Le Panthéon, Paris, © Wikimedia Commons
Emblématique, il devient à son tour un modèle qui va se diffuser, mais avec une dissociation du nom et de la forme ; le mot et la chose ont désormais des existences distinctes, particulièrement, dans le monde hispanique. La nécropole des rois d’Espagne au palais-monastère Saint-Laurent de l'Escurial, inaugurée pour Charles Quint au XVIIe siècle, porte le nom de « Panteón de los Reyes »15 ; le cimetière de San Fernando à Mexico le prend en 1832 ; une église est reconvertie en Panteón Nacional de hombres ilustres à Madrid à partir de 1837, une autre en Panteón de marinos ilustres à Cadix en 1850 ; l’église sicilienne de San Domenico à Palerme reçoit ce nom en 1853, une autre église encore, à Caracas, celui de Panteón nacional du Vénézuéla en 1874. En 1966, le gouvernement portugais nomme « Panthéon national » l’église Santa Engracia de Lisbonne, où sont ensevelis présidents et artistes, tandis qu’on y élève des cénotaphes aux grands hommes du passé.
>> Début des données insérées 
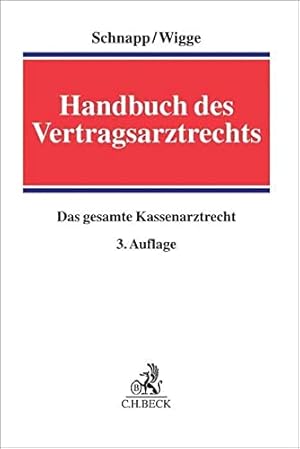 Seller image for Handbuch des Vertragsarztrechts : das gesamte Kassenarztrecht. herausgegeben von Professor Dr. Friedrich E. Schnapp (Universitt Bochum, em.), Dr. Peter Wigge (Rechtsanwalt, Fachanwalt fr Medizinrecht, Mnster, Honorarprofessor an der Universitt Mnster) ; Bearbeiter Prof. Dr. Peter Axer (Universitt Heidelberg), Prof. Dr. Friedrich E. Schnapp (Universitt B for sale by Antiquariat im Schloss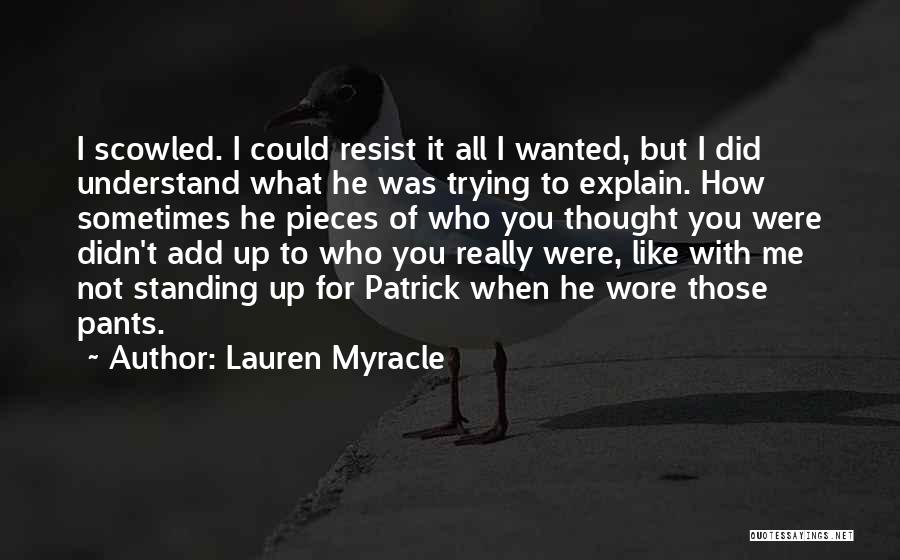 Lauren Myracle Quotes: I Scowled. I Could Resist It All I Wanted, But I Did Understand What He Was Trying To Explain. How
Aucun de ces monuments ne prend la forme architecturale du Panthéon romain, ni parisien.
Le Panthéon de Rome et celui de Paris ont donc chacun donné naissance à un sens figuré : pour le premier, l’« ensemble des dieux d'une religion polythéiste », pour le second, un « ensemble de personnages qui se sont illustrés dans un domaine ou l'autre et qui demeurent dans la mémoire individuelle ou collective »16.
Les panthéons modernes
Continuons notre recherche des destinées de la forme architecturale du Panthéon après la consécration de son nom par le monument parisien. Les deux principales tendances déjà dégagées, églises ou résidences de luxe, se poursuivent et se diffusent à la fois dans les cours royales de l’est de l’Europe et sur le nouveau continent.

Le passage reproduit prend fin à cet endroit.